• Dataset extract:
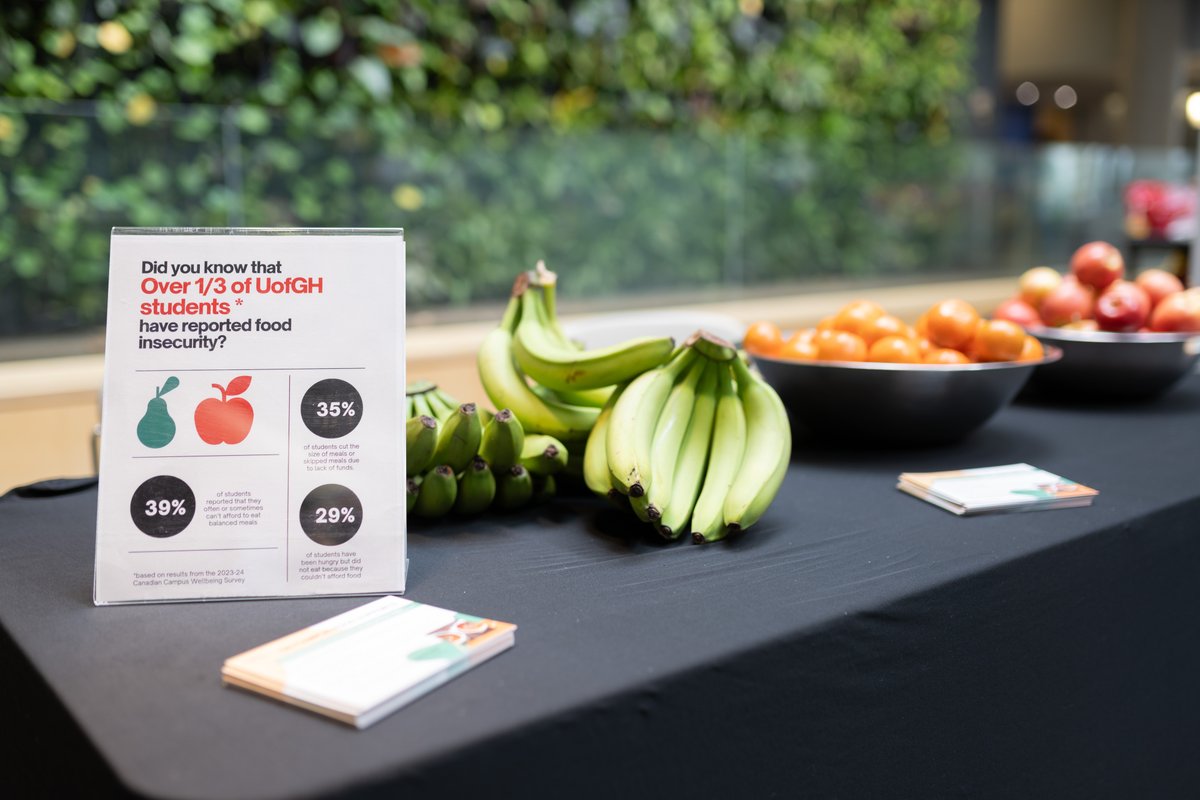 Student Services teamed up with student volunteers to put on the Meals That Matter event to promote food security initiatives at Guelph-Humber, remove the stigma around it and promote the Food Security Fund.

Learn more: guelphhumber.ca/news-events/ne…

#GuelphHumber #UofGH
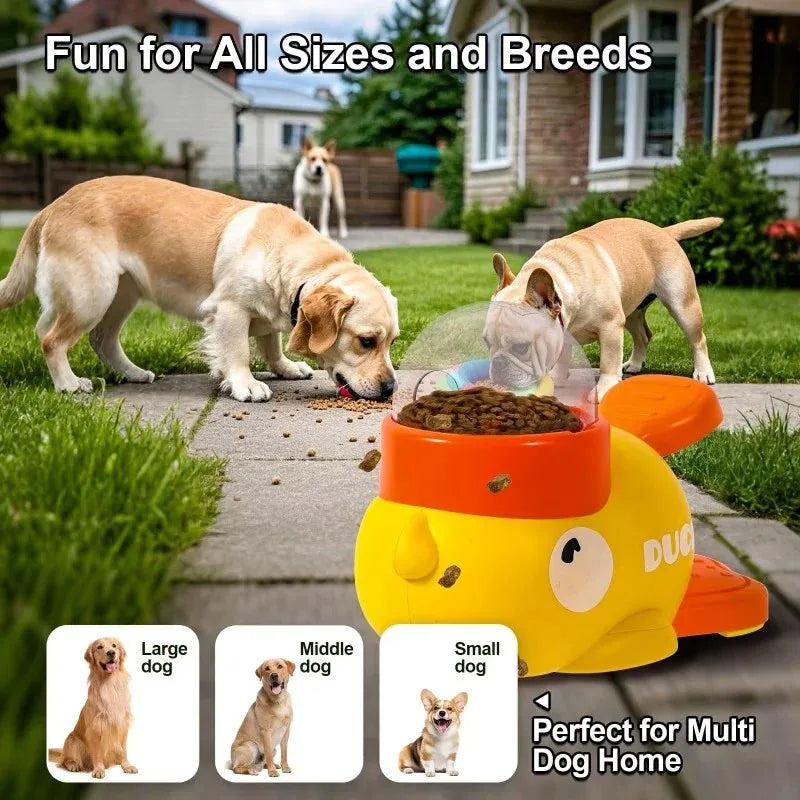 Dog Treat Dispenser - Duck Puzzle Toy for Dogs and Cats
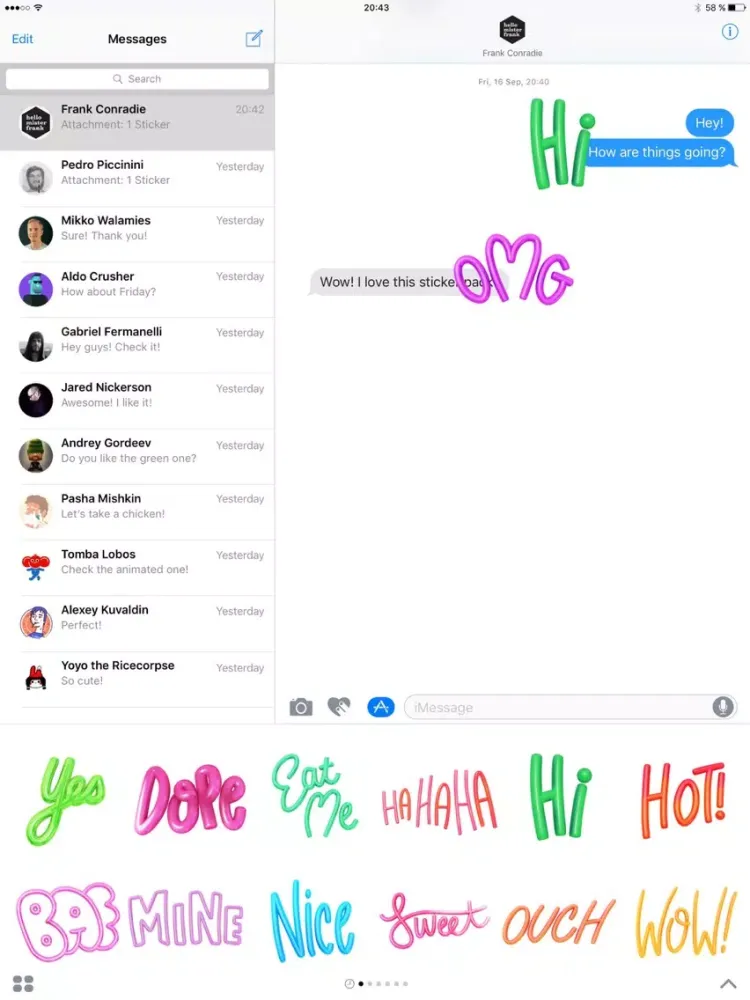 Dope Text Stickers iPad  Screenshots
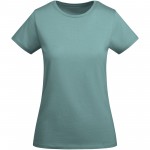 R66991M5-Breda koszulka damska z krótkim rękawem-Dusty Blue 2xl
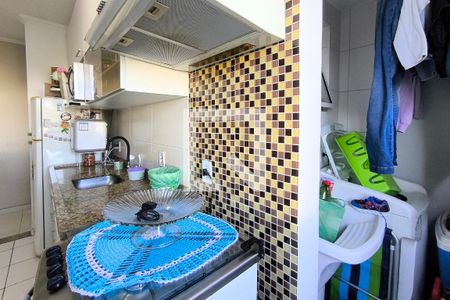 Cozinha/Area de serviço de apartamento à venda com 2 quartos, 54m² em Parque Residencial Jundiaí, Jundiaí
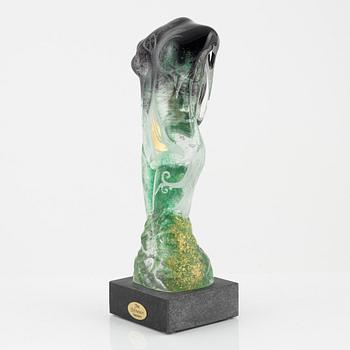 Jim Johnsson, a unique glass sculpture.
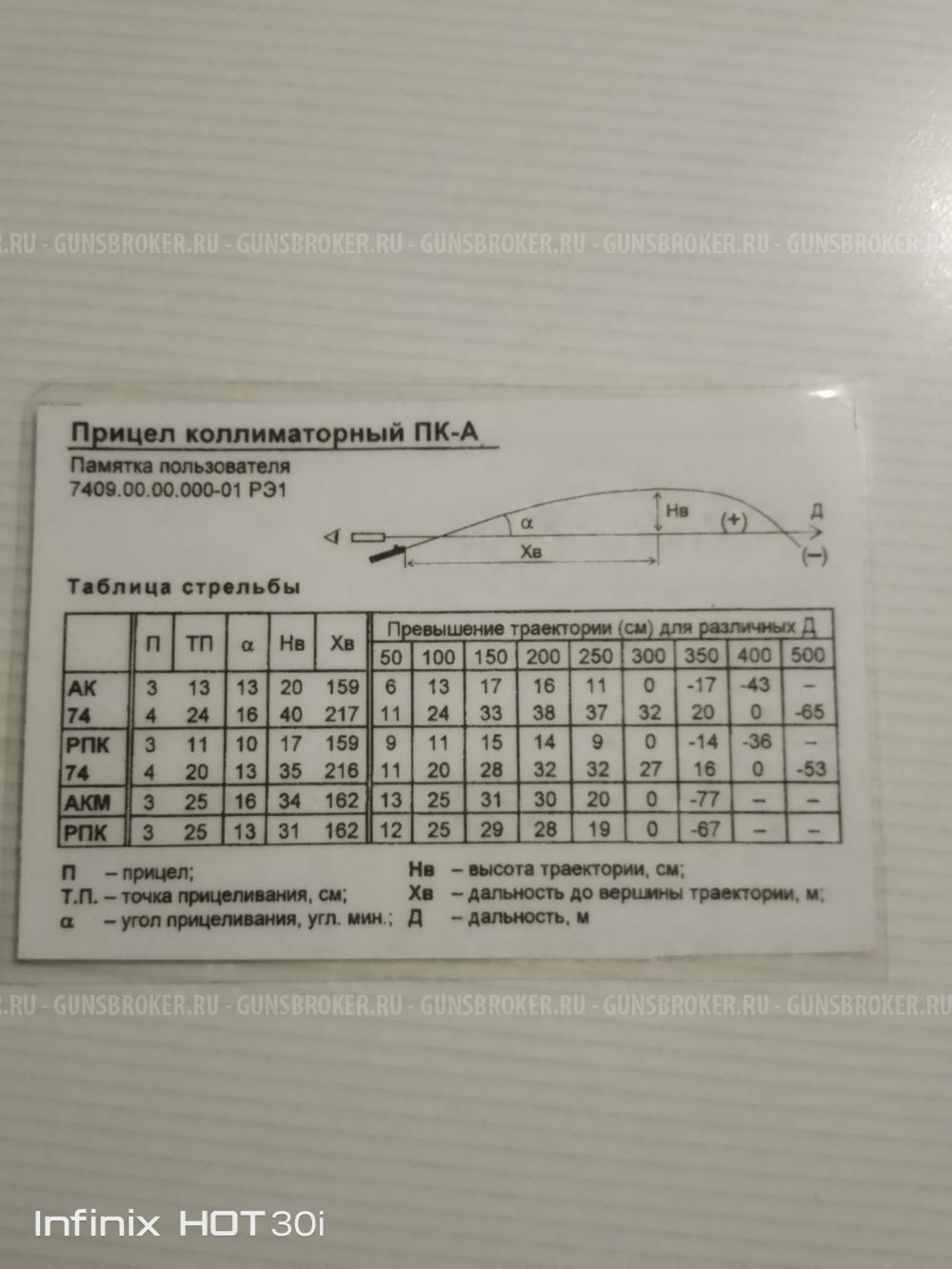 Коллиматор войсковой пк-а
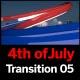 4th July Ribbon Transitions - VideoHive Item for Sale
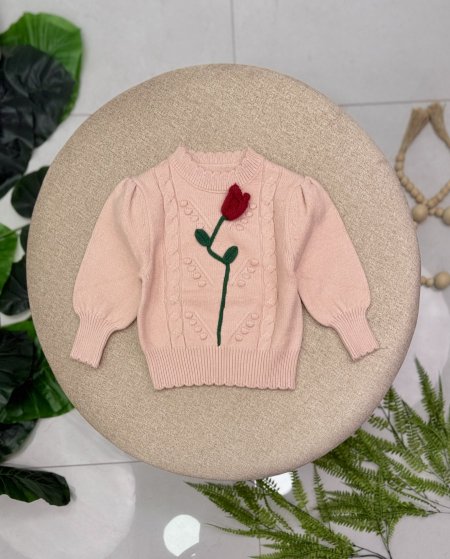 بلوزة صوف بناتي k8811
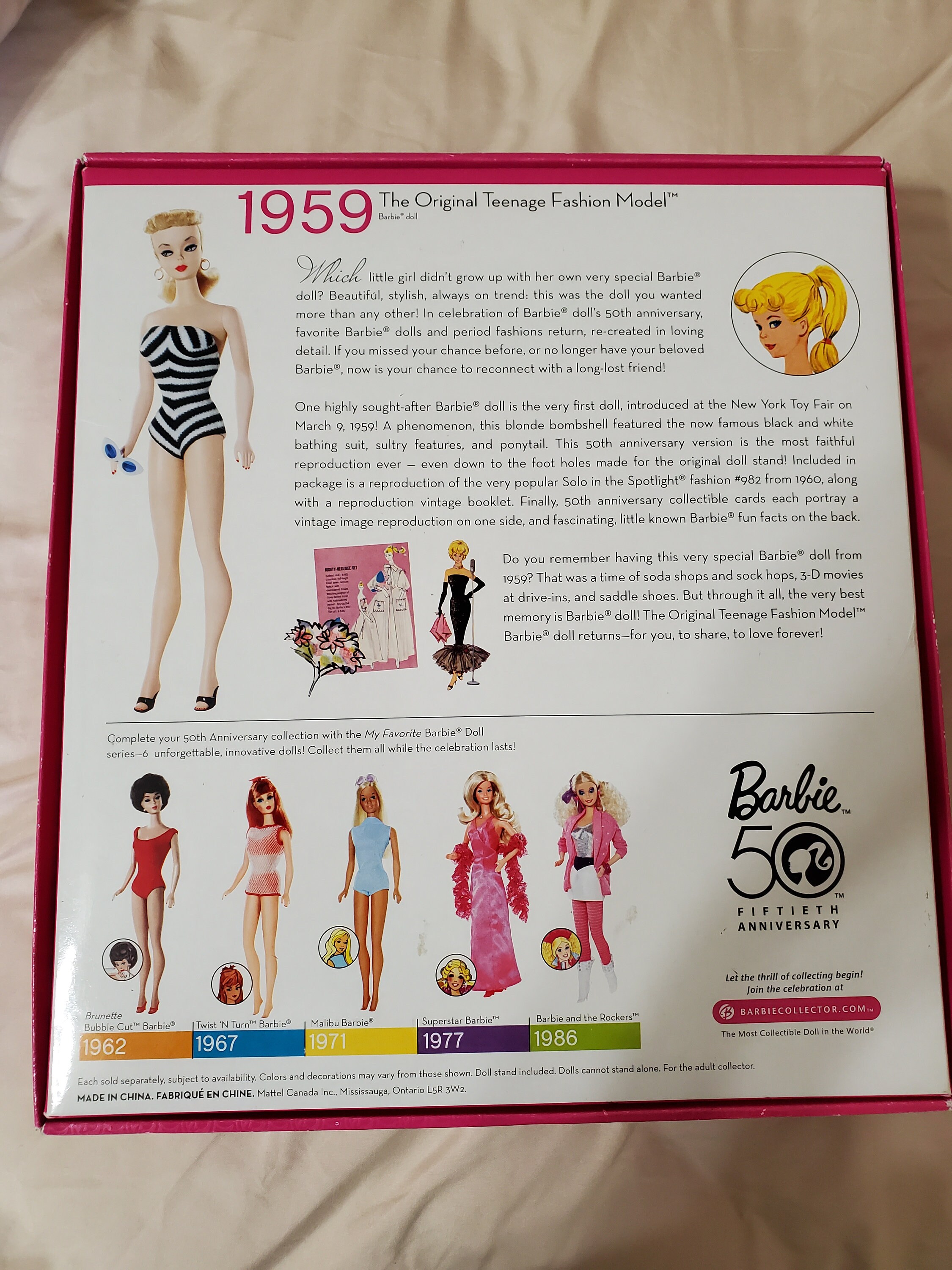 1959 Barbie Mattel 50th Anniversary Doll - Etsy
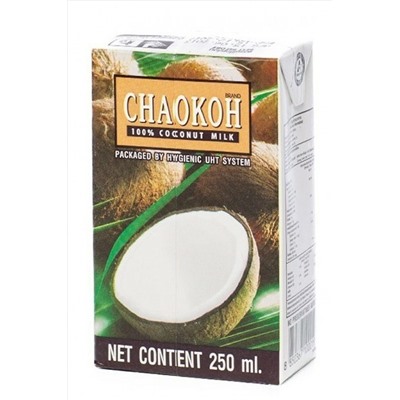 Молоко кокосовое Chaokoh 250мл ЭКОПРОДУКТЫ, 1184751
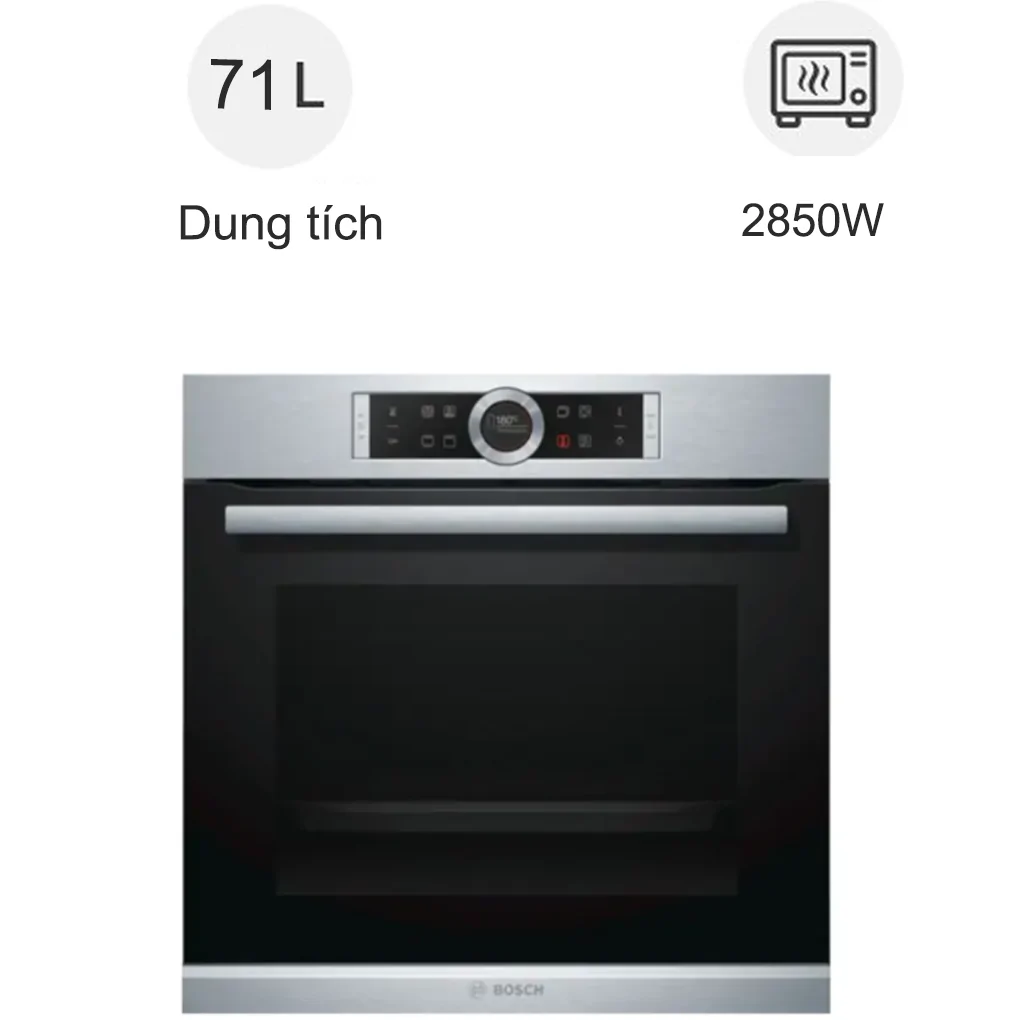 Lò nướng âm tủ Bosch HMH.HBG633BS1A 71 lít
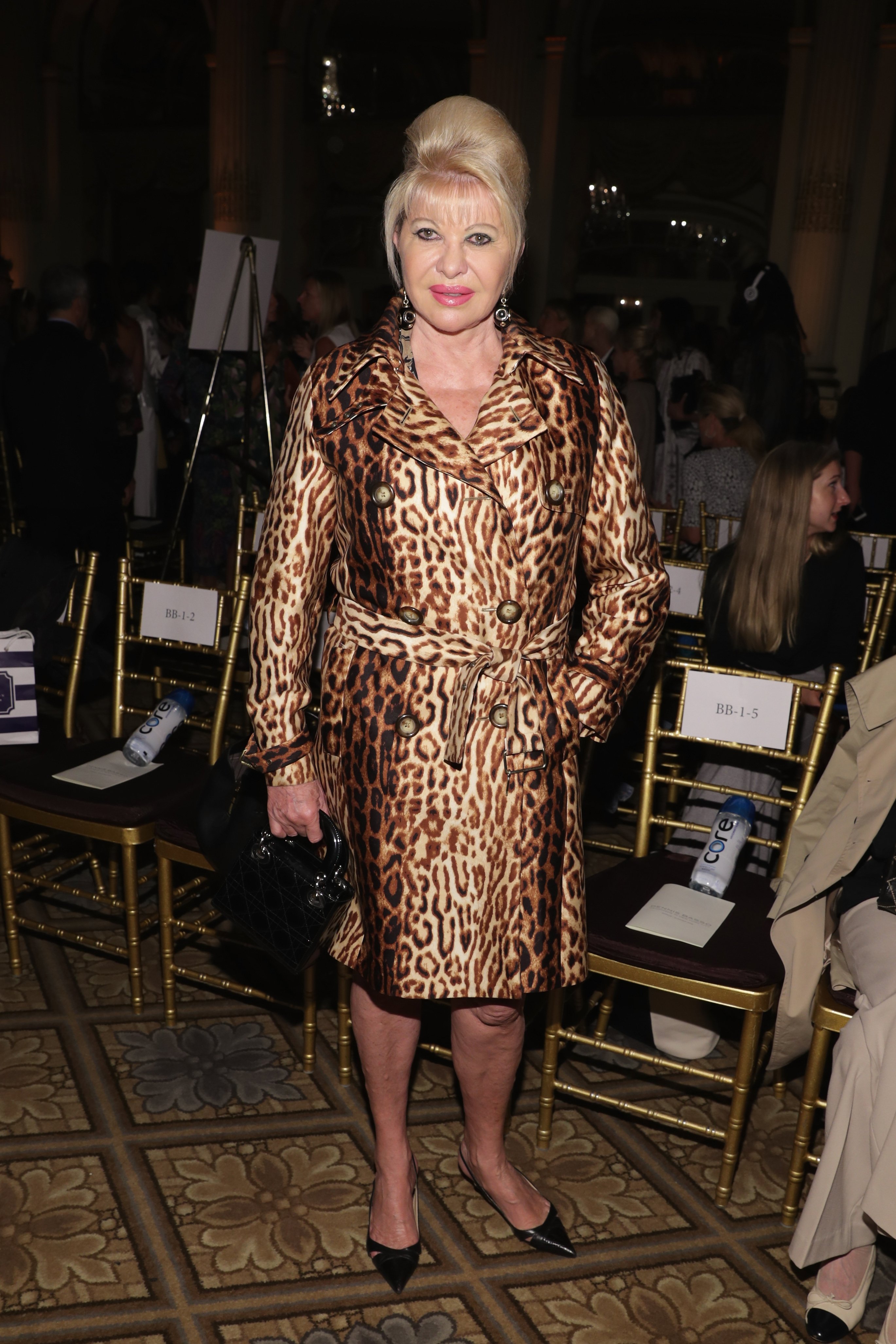 Ivana Trump attends Dennis Basso fashion show during New York Fashion Week: The Shows at The Plaza Hotel on September 11, 2017 in New York City. / Source: Getty Images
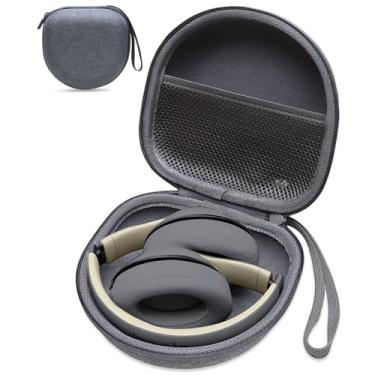 Imagem de Capa de fone de ouvido compatível com fones de ouvido BERIBES/TOZO/KVIDIO/Beats/Soundcore Anker/JBL com cancelamento de ruído, cinza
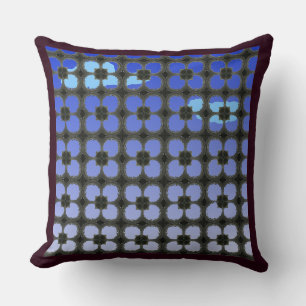 Blue Sky from Figurative Window and Glass Frame Cushion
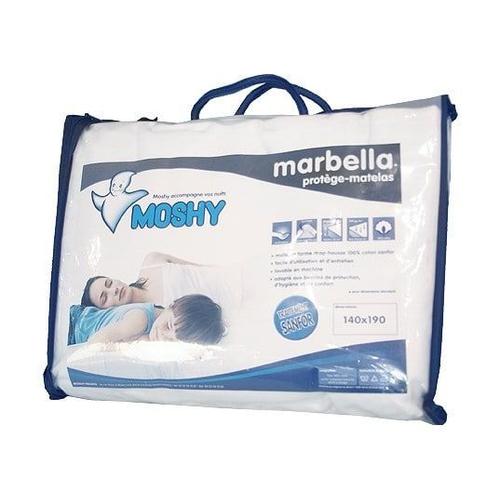 Protège Matelas Marbella 140x190cm - Bonnet De 30cm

• Task to carry out: Output the span from the line with "Cozinha/Area de serviço" through the last line of the data, inclusive and exact, and omit every picture.

• Exercise response:
 Cozinha/Area de serviço de apartamento à venda com 2 quartos, 54m² em Parque Residencial Jundiaí, Jundiaí
 Jim Johnsson, a unique glass sculpture.
 Коллиматор войсковой пк-а
 4th July Ribbon Transitions - VideoHive Item for Sale
 بلوزة صوف بناتي k8811
 1959 Barbie Mattel 50th Anniversary Doll - Etsy
 Молоко кокосовое Chaokoh 250мл ЭКОПРОДУКТЫ, 1184751
 Lò nướng âm tủ Bosch HMH.HBG633BS1A 71 lít
 Ivana Trump attends Dennis Basso fashion show during New York Fashion Week: The Shows at The Plaza Hotel on September 11, 2017 in New York City. / Source: Getty Images
 Imagem de Capa de fone de ouvido compatível com fones de ouvido BERIBES/TOZO/KVIDIO/Beats/Soundcore Anker/JBL com cancelamento de ruído, cinza
 Blue Sky from Figurative Window and Glass Frame Cushion
 Protège Matelas Marbella 140x190cm - Bonnet De 30cm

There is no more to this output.